The classic ML answer to "personalise a model" is fine-tune it. Full fine-tune on a per-user corpus produces a per-user model. But full fine-tune at the typical scale (1B+ parameters) requires:

  • Several minutes of GPU time per user. Acceptable in absolute terms but expensive at fleet scale.
  • A few hundred MB of disk per user. Unacceptable at fleet scale (215k users × 500 MB = 100 TB).
  • A non-trivial training pipeline on the user's device. Acceptable for hobbyists, not for typical Kerala IT@School laptop users.

The bet asks: under more aggressive resource constraints — a 30M-param base, 5 minutes of training, 100 SGD steps, lr 5e-5 — does fine-tuning still produce a useful per-user specialist?

Hypothesis

Five minutes of fine-tuning on user-specific text produces a personal specialist with materially lower perplexity on held-out same-user text, without destroying general capability. The thresholds:

  • Personal-text perplexity drops by ≥ 10×.
  • General-text perplexity rises by < 50%.

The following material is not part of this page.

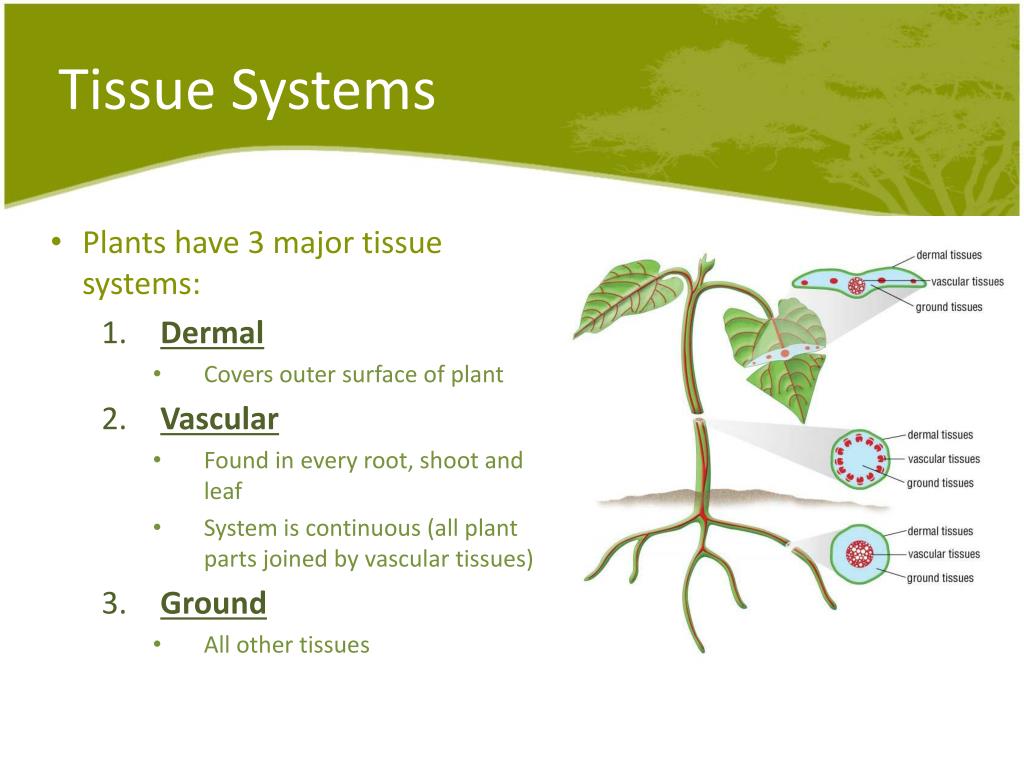 PPT Plant Systems Part II PowerPoint Presentation, free download ID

These thresholds were chosen with the deployment scenario in mind. A 10× personal-text drop is large enough to be meaningful (the model is noticeably better at predicting the user's writing); a 50% general-text rise is small enough that the model remains useful for non-personal tasks.

Pre-registered criteria

  • STRICT: personal-text ppl drops > 10× while general-text ppl rises < 50%.
  • LENIENT: personal ppl drops > 2× while general rises < 100%.
  • CATASTROPHIC: personal ppl unchanged, or general ppl rises > 5× (would mean the personalisation destroys the base model).

Setup

The classic Bet-37-style setup, but recorded as Bet 10 for chronological reasons (the catalogue numbers reflect when bets were run, not their dependency order). The bet was actually one of the earliest in the catalogue, predating the norm-only / LoRA / full FT shootout.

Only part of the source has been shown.